From Jonah Keri’s excellent column today after Tim Raines’ induction to the Baseball Hall of Fame.
More than the Expos or even Raines himself, being a fan was about sitting beside my Papas, watching those first games when I wasn't yet old enough to fully understand what I was seeing.
That's why, when Hall of Fame President Jeff Idelson called Raines' name today, I, a 42-year-old man of relatively sane mind, jumped around and yelled like a damn lunatic. It's why I thumbed through so many old albums, and cried like a damn baby whenever I thought about those very first baseball games.
Keri’s piece got me thinking about sports writing and fandom.
Typically, there is a separation between sports writing and sports fans. This is the Church and State of sports media. It is a line in the sand, and across that line you do not.
I get that. I used to live by that. But I wonder if it’s too strict in a way. In this area, I think it’s possible to think of sports journalists and sports writers differently. Is that a distinction without a difference? I don’t think so.

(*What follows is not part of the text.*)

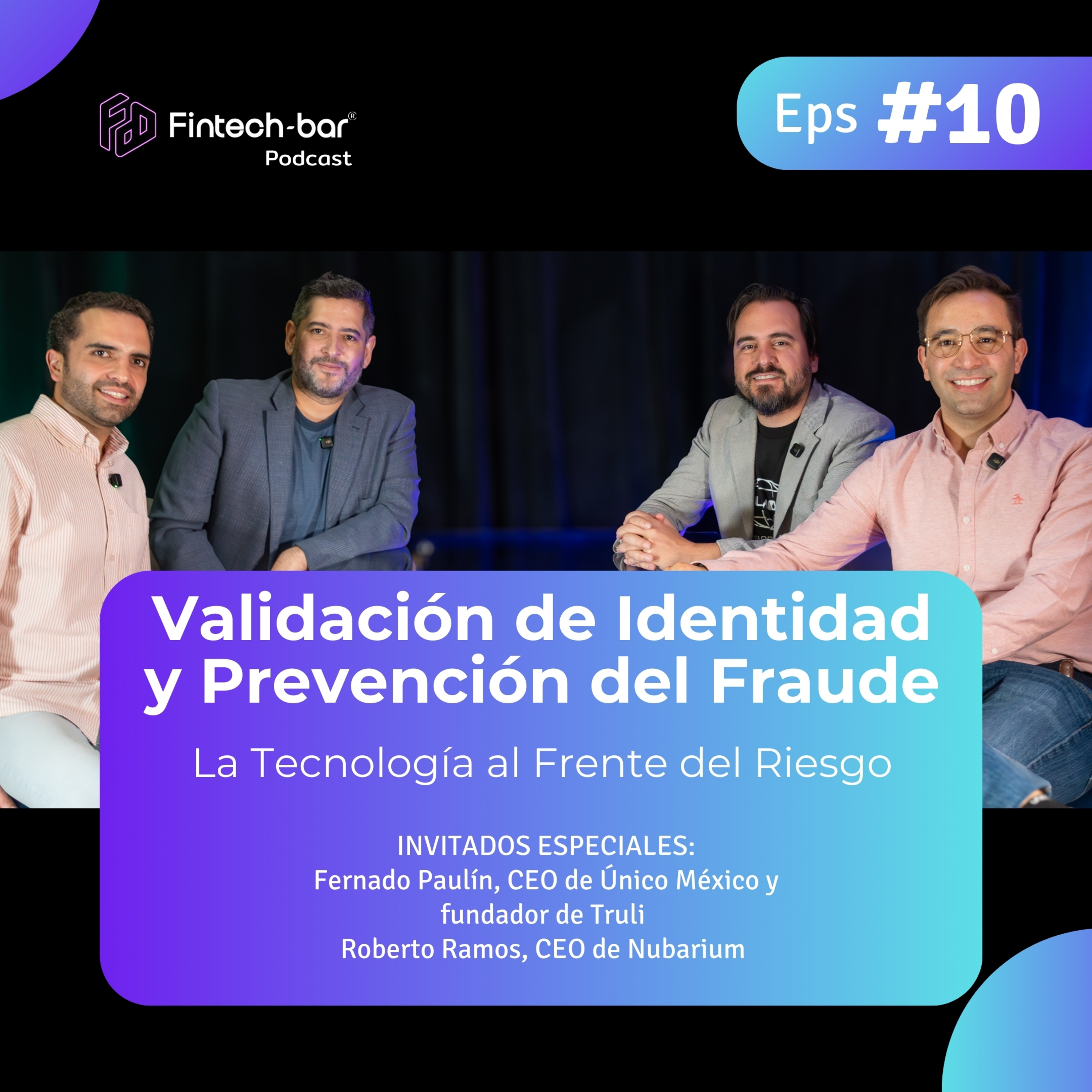 EP 10 | Validación de Identidad y Prevención del Fraude: La Tecnología al Frente del Riesgo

If you are a sports journalist — a beat reporter, someone who covers sports as a reporter for a news organization — I understand the separation. It’s not so much a question of objectivity as it is one of fairness, balance and most importantly, distance. It’s good if you’re a beat reporter who has a little bit of emotional distance from the team and players you cover. Since your job is to provide an honest assessment of the team’s successes and failures, that distance helps.
If you are a sports journalist, you have at least tacitly agreed to abide by the profession’s norms and values.

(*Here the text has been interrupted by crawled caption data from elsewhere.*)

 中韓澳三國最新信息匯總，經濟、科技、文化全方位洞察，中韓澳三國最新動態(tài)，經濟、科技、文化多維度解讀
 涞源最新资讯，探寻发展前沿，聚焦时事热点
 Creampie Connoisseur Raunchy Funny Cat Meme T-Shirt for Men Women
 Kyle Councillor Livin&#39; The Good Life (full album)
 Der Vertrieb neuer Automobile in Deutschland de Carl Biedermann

But if you are a sports writer, I think that’s different. I think there are many varieties of sports writers, some of whom write as fans. That doesn’t mean they are bad. It doesn’t mean they are good. It’s just a different lens through which sports can be presented to readers. It’s one of the successes of digital media in sports — the connection that writers like Bill Simmons, Jonah Keri, Will Leitch and others make with fans. The passion of fan can be contagious, and at least be acknowledged. What makes Keri’s piece so wonderful is the absolute joy it radiates. That’s why sports matter so much to people — they’re fun.
One approach isn’t better than the other. I’d argue we need it all — the passionate fan sports writer, and the dispassionate sports journalist. The analytics and the poetry. The beat writers, bloggers and columnists.
It’s a messy open marketplace of ideas. And that’s what makes today such a golden age for sports media.